Retype the lines below exactly, but only those from the line that has "4th image of 10631 Swan Ct" through the line that has "EAGLE BOTTOMS - Land". Omit every picture.

-- Data to use --
-=-=-

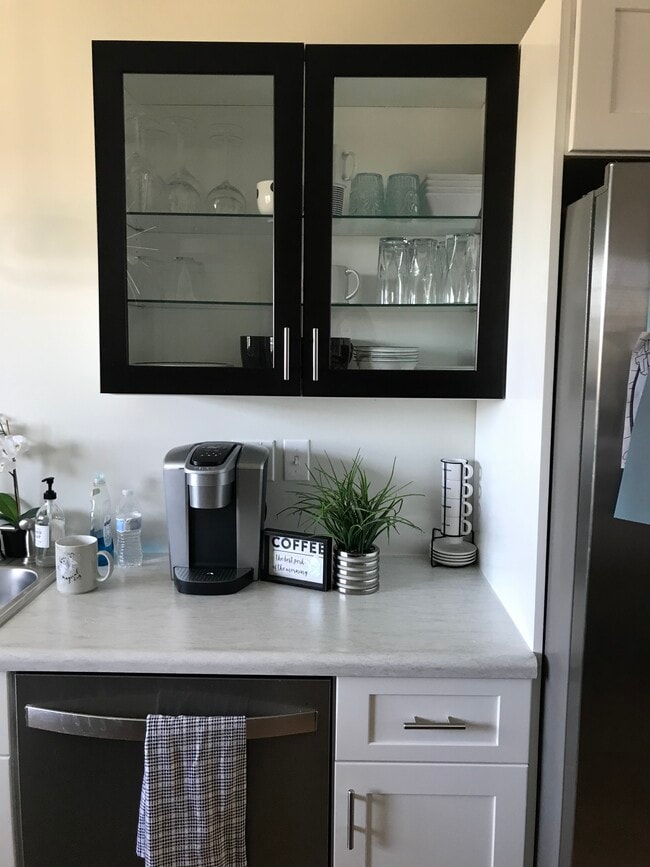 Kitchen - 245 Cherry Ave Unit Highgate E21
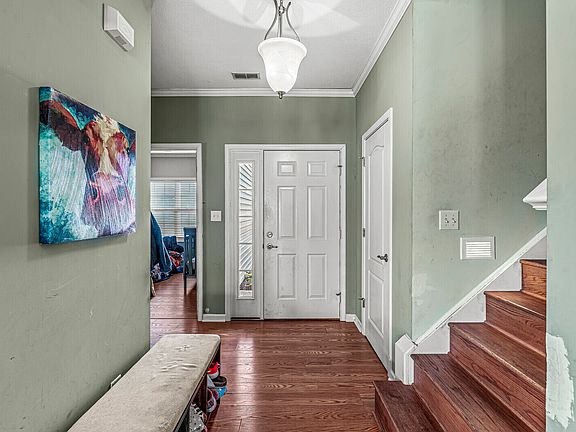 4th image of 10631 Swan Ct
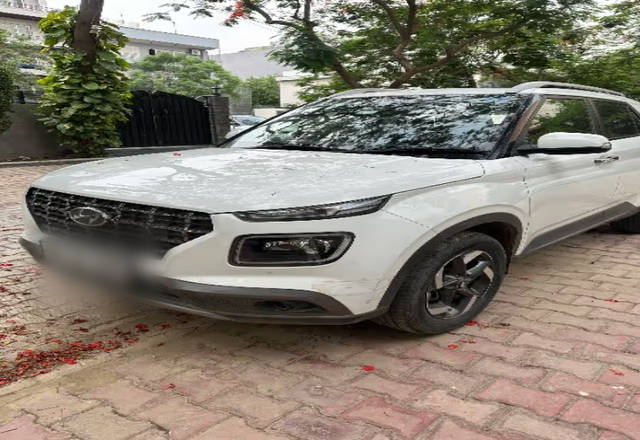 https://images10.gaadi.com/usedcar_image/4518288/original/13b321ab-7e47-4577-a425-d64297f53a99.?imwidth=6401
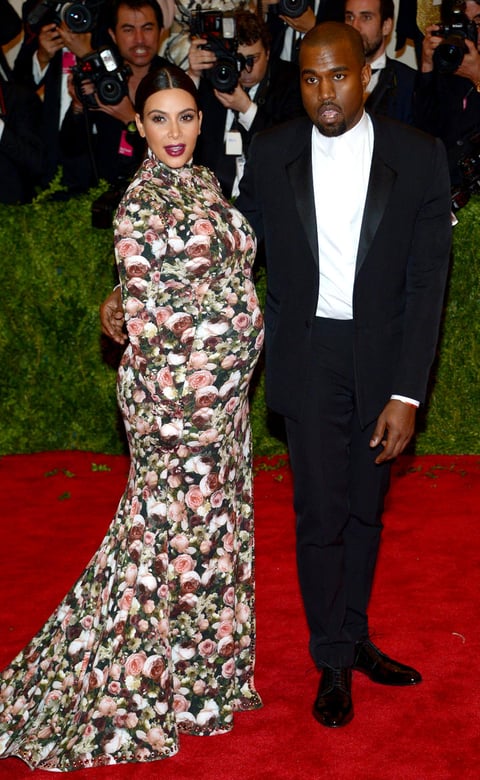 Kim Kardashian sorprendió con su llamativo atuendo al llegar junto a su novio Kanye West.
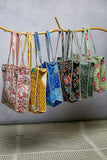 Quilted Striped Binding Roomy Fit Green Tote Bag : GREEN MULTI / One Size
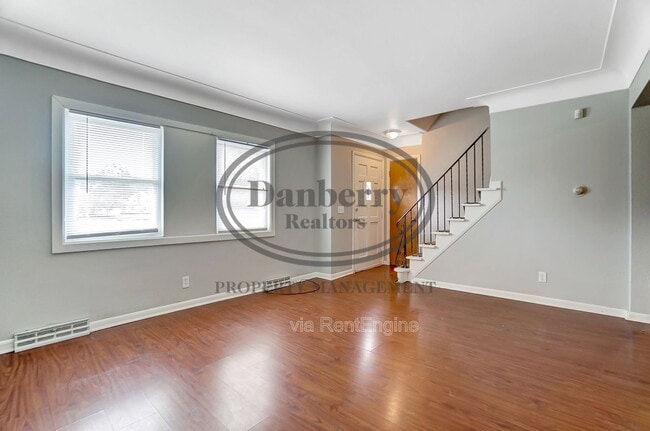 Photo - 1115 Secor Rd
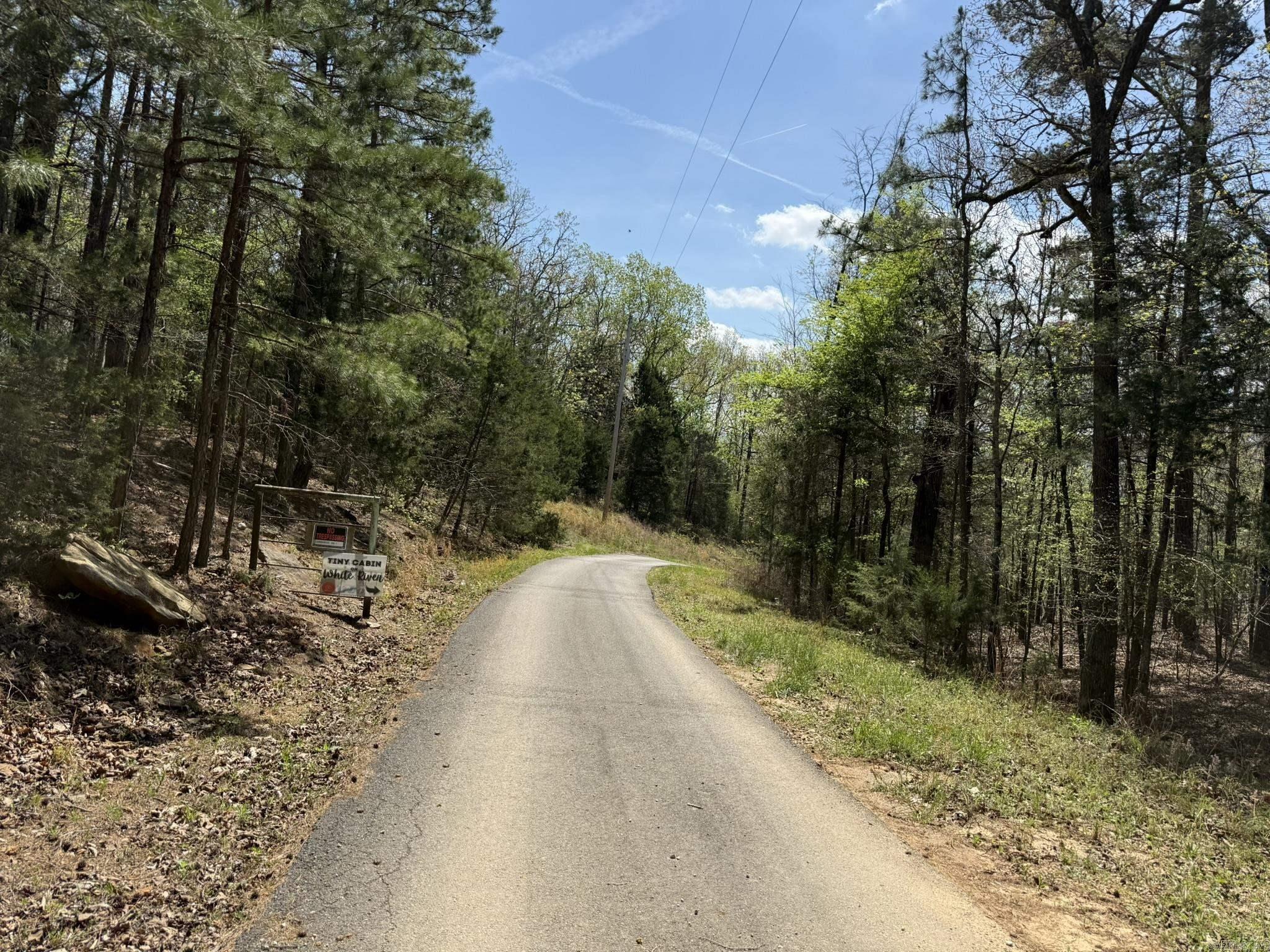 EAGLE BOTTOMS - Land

-=-=-

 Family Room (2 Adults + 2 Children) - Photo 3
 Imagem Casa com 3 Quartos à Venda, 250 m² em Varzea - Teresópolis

-=-=-

-- Output of the task --
 4th image of 10631 Swan Ct
 https://images10.gaadi.com/usedcar_image/4518288/original/13b321ab-7e47-4577-a425-d64297f53a99.?imwidth=6401
 Kim Kardashian sorprendió con su llamativo atuendo al llegar junto a su novio Kanye West.
 Quilted Striped Binding Roomy Fit Green Tote Bag : GREEN MULTI / One Size
 Photo - 1115 Secor Rd
 EAGLE BOTTOMS - Land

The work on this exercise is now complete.